** Opening Stored data block **

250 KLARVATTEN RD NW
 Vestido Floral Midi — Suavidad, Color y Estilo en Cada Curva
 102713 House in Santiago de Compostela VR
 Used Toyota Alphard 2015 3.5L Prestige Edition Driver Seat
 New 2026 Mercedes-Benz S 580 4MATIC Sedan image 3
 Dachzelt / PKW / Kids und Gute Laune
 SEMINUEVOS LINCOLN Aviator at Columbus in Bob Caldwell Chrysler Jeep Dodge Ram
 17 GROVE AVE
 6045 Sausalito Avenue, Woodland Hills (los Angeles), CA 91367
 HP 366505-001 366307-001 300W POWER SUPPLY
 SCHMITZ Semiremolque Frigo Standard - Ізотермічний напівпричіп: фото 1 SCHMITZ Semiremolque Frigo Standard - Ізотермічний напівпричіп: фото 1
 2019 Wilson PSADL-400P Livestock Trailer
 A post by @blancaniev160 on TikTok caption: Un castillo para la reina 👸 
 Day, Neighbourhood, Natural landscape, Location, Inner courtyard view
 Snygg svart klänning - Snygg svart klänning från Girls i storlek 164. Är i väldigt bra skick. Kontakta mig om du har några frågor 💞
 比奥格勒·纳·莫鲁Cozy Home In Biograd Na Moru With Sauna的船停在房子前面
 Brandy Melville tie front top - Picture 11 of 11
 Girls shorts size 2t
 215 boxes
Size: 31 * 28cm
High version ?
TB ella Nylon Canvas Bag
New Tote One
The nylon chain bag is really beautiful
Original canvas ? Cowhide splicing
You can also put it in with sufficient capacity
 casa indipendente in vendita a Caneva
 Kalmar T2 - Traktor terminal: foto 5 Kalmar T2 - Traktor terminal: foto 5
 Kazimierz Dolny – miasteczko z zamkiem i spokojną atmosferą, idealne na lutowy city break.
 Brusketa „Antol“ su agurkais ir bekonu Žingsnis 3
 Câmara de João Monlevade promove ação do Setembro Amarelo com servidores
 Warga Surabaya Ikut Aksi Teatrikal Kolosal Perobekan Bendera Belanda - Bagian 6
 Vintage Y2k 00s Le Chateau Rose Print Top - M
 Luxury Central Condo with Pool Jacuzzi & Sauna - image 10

** Closing Stored data block **

• What needs to be done: Using the data above, print exactly the lines from the line that contains "A post by @blancaniev160" through the line that contains "Snygg svart klänning - Snygg", with both included.

• Exercise solution:
 A post by @blancaniev160 on TikTok caption: Un castillo para la reina 👸 
 Day, Neighbourhood, Natural landscape, Location, Inner courtyard view
 Snygg svart klänning - Snygg svart klänning från Girls i storlek 164. Är i väldigt bra skick. Kontakta mig om du har några frågor 💞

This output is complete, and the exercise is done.